Uma melhor distribuição de tarefas no processo penal com maior proatividade das partes - O juiz das garantias é representa uma revolução do sistema processual, conferindo maior participação e responsabilidade às partes.

quinta-feira, 5 de novembro de 2020

Atualizado às 11:21

 (Imagem: Arte Migalhas)

(Imagem: Arte Migalhas)

O pacote anticrime, lei 13.964, de 24 de outubro de 2019, introduziu, na ordem processual, o juiz das garantias. A compreensão deste sistema é simples: as funções judiciais de exame da legalidade de medidas cautelares e invasivas na fase de investigação são realizadas por um juiz; a instrução e julgamento do processo são empreendidos por outro. O juiz que autoriza as medidas coercitivas pré-processuais (cautelares e invasivas) não é o mesmo que instrui e julga, muito embora não haja impedimento que este último, mediante prévio requerimento, as autorize.

Trata-se de um único processo e que tramita em uma mesma instância. O juízo e a instância são unas. Instâncias são graus hierárquicos recursais. Não há recurso do juiz das garantias para o juiz de instrução. A instância de ambos magistrados é a mesma.

Não obstante criado e regulado por alguns poucos dispositivos normativos, configura uma profunda transformação da persecução criminal. É um salto em direção à efetividade da justiça criminal, a qual consiste, grosso modo, na absolvição dos inocentes e condenação dos culpados, ou seja, na proteção de dois princípios constitucionais fundamentais integrantes da relação processual: a garantia individual e a segurança pública. Enfatizamos: o ganho de efetividade é real para os dois princípios. A codificação de 1941 é o procedimento selvagem. O juiz das garantias representa sua domesticação. É a relação processual civilizada. O Código de Processo Penal, embora date de 1941, foi, no curso dos anos, sendo modificado, adaptando-se aos novos tempos e novas realidades. Seu aprimoramento tem sido constante. Não é um texto desatualizado, muito embora necessite de algumas alterações, especialmente na parte recursal - o que não nos parece tarefa difícil -, e de revogação expressa de alguns dispositivos que já se encontram tacitamente revogados. O juiz das garantias ingressou no trem de refinamento da norma processual. Com nomenclaturas diversas, já se encontra em prática em diversos países, entre os quais, Itália, Portugal, França, Alemanha, México, Chile, Paraguai e Colômbia.
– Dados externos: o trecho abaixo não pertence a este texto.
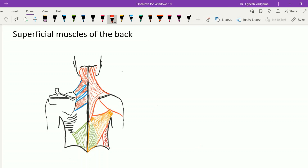Hello friends, let's see the superficial muscles of the back. The superficial muscles of the back are the muscles which are going to connect the vertebral column with the upper limb.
Não é, por conseguinte, inovação nacional. Sabe-se que a circunstância de um instituto estar em vigor em outros países não constitui certificado de eficiência. É preciso colocá-lo a funcionar para saber de seus defeitos e qualidades. A advertência que convém fazer é a de que devem ser afastadas dessa avaliação as motivações políticas e ideológicas, dado que elas, vaporizando a lógica, aniquilam o pensamento jurídico.

O juiz das garantias não é e não pode ser proativo. É governado pela inércia. Já se tem a polícia e promotor investigando. Este último, é preciso destacar, o fazendo anomalamente quando não se trata de delito cuja investigação policial possa ser prejudicada por influência econômica ou política (o MP só está autorizado a investigar quando presente a probabilidade de influência política/econômica na investigação policial - jurisprudência distinta vige em 2020). Seria um exagero colocar mais um, o juiz, para exercer essa função. Juiz liderando investigação é a antijurisdição, a negação da função processual, a usurpação da função policial.
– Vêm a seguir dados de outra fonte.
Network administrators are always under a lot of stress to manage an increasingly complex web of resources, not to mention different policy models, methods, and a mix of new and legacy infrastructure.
Juiz das garantias não é um juiz investigador. Menos ainda juiz defensor do investigado. Esse nome, juiz das garantias, tendo em conta esses tempos sombrios de hermenêutica populista (2020), não foi boa escolha. Não representa o que ele realmente é. Dá margem à equivocada compreensão de que o juiz irá se limitar a proteger direitos do acusado, mantra do catálogo de estultices ideológicas. O juiz das garantias não apenas avalia se o requerimento feito pela autoridade investigadora não viola a legislação como também autoriza medidas invasivas e impõe cautelares, entre as quais a prisão provisória. Ao autorizar medidas invasivas e determinar a prisão, não está se limitando a observar regras de garantia, mas também normas de segurança pública garantistas da coletividade. Ele acende duas velas, uma para a garantia, outra para a segurança. Por essas razões, a terminologia selecionada não foi apropriada. Juiz das garantias é vocábulo que expressa apenas um aspecto de sua atuação, a de garantia. Não revela sua ação em prol do coletivo, aquela que concede efetividade à regra constitucional da segurança pública, dever do Estado e direito do cidadão. Melhor batismo teria sido se fosse dado o nome juiz de legalidade. Expressaria melhor quem ele é realmente.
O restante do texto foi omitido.